By Loretta Weinberg | February 5, 2019 |

I’ve known Babs for a long time.

She was in my office when I got the call from the delivery room that my first grandchild had been born – that baby is now 15 years old. At that moment, Babs shared with me that she was actually a grandfather because she had grandchildren who knew her before her transition. Just recently, though, she told me she had a new grandchild who will grow up knowing her only as grandma.

In many ways, her story mirrors our story as a state and as a nation. In a lifespan, a relatively short period of time, the rights for and inclusion of the LGBTQ community have traveled a remarkable distance. That is not to say we don’t have a ways to go, but we are here, in large part, thanks to the unwavering leadership of Babs Siperstein and people like her.

She made her official transition from Barry to Barbra in 2000, when she was 50 years old. Her advocacy from that point on, as though she was making up for lost time, did not stop. Her pursuit of equality and justice led her to the apex of this country’s institutions with one unabashed and uncompromising message: equal rights and equal protections under the law, for all.

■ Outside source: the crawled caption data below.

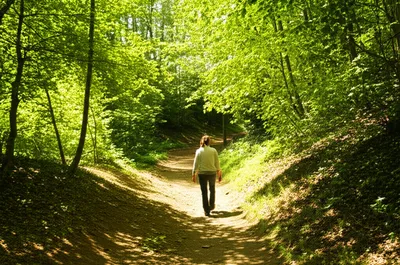 Illustration rambling - Image 1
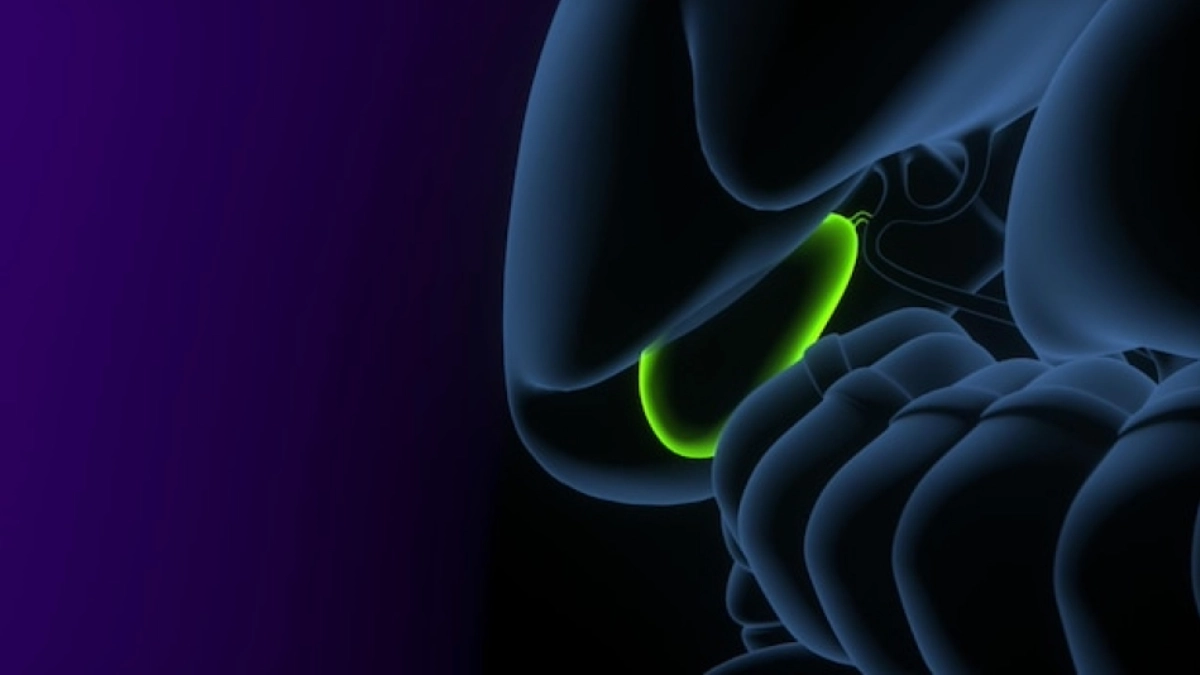 Gallbladder Cancer Treatment in Turkey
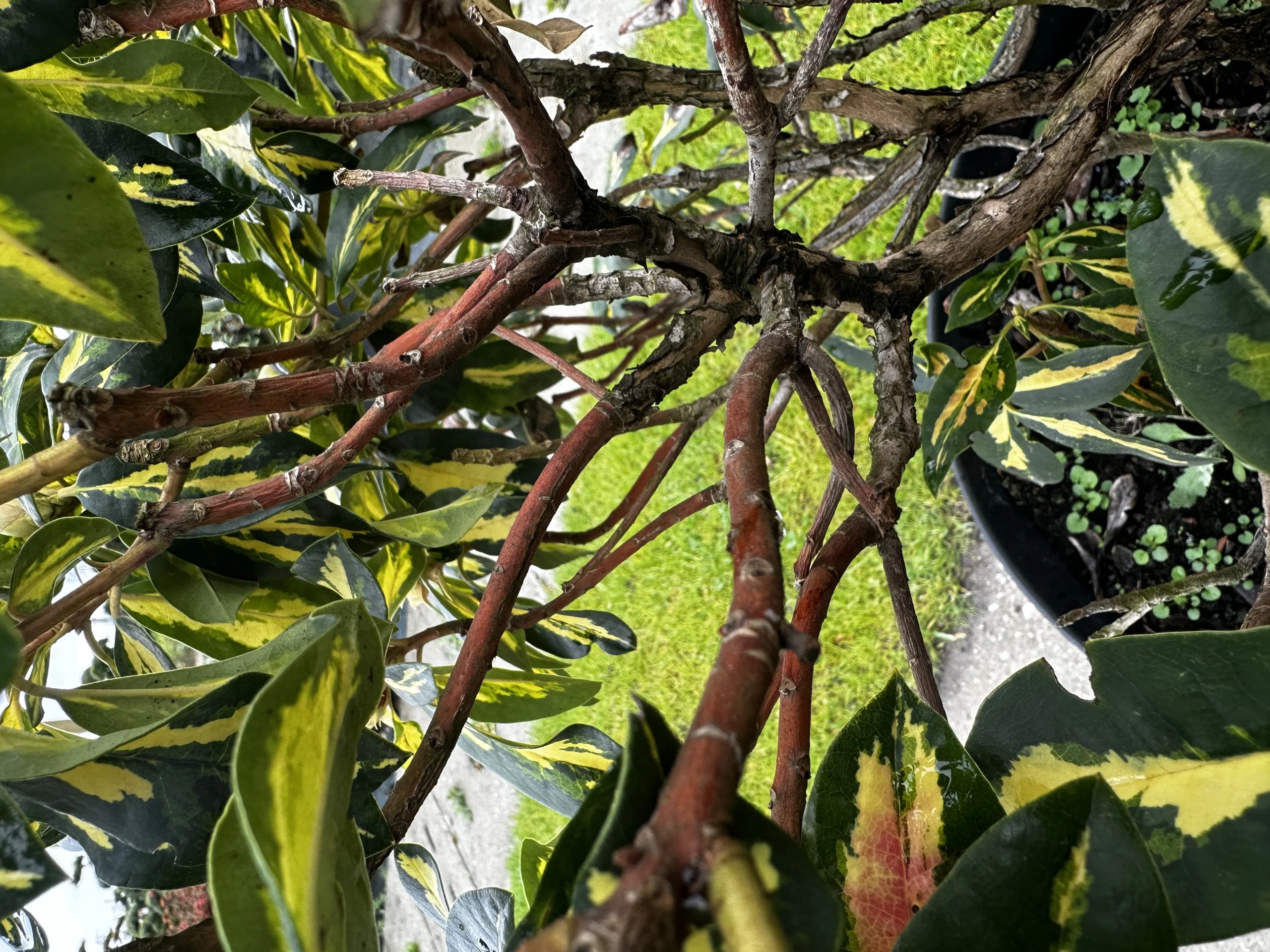 Rhododendron hybide 'Blattgold' (Różanecznik hydrida 'Blattgold')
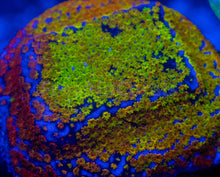 Load image into Gallery viewer, FK Encrusting Montipora Pack (5 Stunning Montiporas)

In 2006, Babs spearheaded the addition of gender identity to New Jersey’s Law Against Discrimination. Just as a person cannot be fired for the color of their skin, largely thanks to Babs, they also cannot be fired or discriminated against because of the gender by which they identify.

Today, I remember fondly the night in February, 2007, when I presided over the civil union of Steven Goldstein and Daniel Gross – the first civil union in the state. Babs was involved in the original coalition led by Steven Goldstein that championed the first domestic partnership bill. It may seem like a tiny step now, compared to today’s standards of full marriage equality, but it was a major victory at the time.

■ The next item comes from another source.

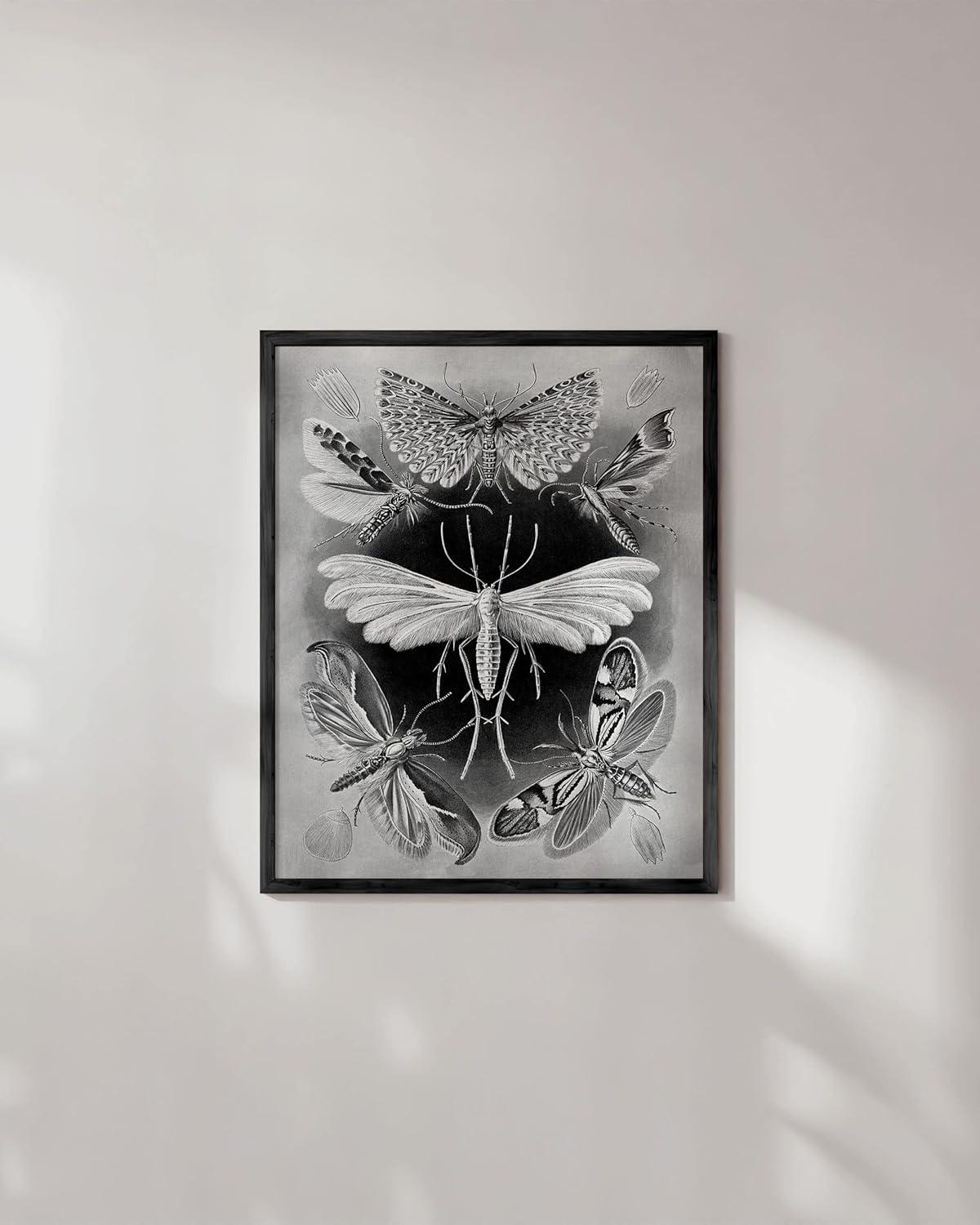 HAUS AND HUES Haeckel Prints Gothic Wall Decor - Goth Room Decor Aesthetic Witch Poster, Witch Art & Wiccan Wall Decorations, Creepy Drawings, Goth Wall Art, Witchy Wall Decor UNFRAMED 12"x16"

As one of just 24 nationally recognized LGBTQ civil rights activists, in 2009, she co-authored the “Dallas Principles,” a set of eight guiding principles to achieve full LGBT equality. The first principle, of which, embodies the tenacity of Babs Siperstein: “Full civil rights for lesbian, gay, bisexual and transgender individuals must be enacted now. Delay and excuses are no longer acceptable.”

For those who knew Babs, the second principle reads as her own personal constitution: “We will not leave any part of our community behind”.

She spent her time, in her words, “showing up.” As part of more organizations and commissions than I can list here, including Garden State Equality and the New Jersey Stonewall Democrats, she eventually became the first openly transgendered member of the Democratic National Committee.

Of course, I would be remiss to leave out the New Jersey state law that bears her name. The Babs Sipertein Law was passed last year but just went into effect Feb. 1. The law makes it easier for people to change their official birth certificate to match their gender identity.

As statements pour in from all over the state, and the country, I remember both a giant of the LGBTQ community and a friend. Babs led her life with courage and authenticity. Through her example, she taught the rest of us about true equality.

She will be sorely missed by her friends and family, as a grandmother (and as a grandfather). Her legacy lives on and cannot be forgotten because we feel it every day. It is felt by all of us, transgendered or not, because we all benefit from a fairer, more inclusive and more just society.

If her passing can bring to mind one final thing, beyond her stunning achievements and her magnetic personality, let it be a reminder of all the work we have yet to do. The journey towards equality continues, there is still a long way to go. Lucky for us, we have Babs’ example as a guide.

Loretta Weinberg is the state Senate Majority Leader.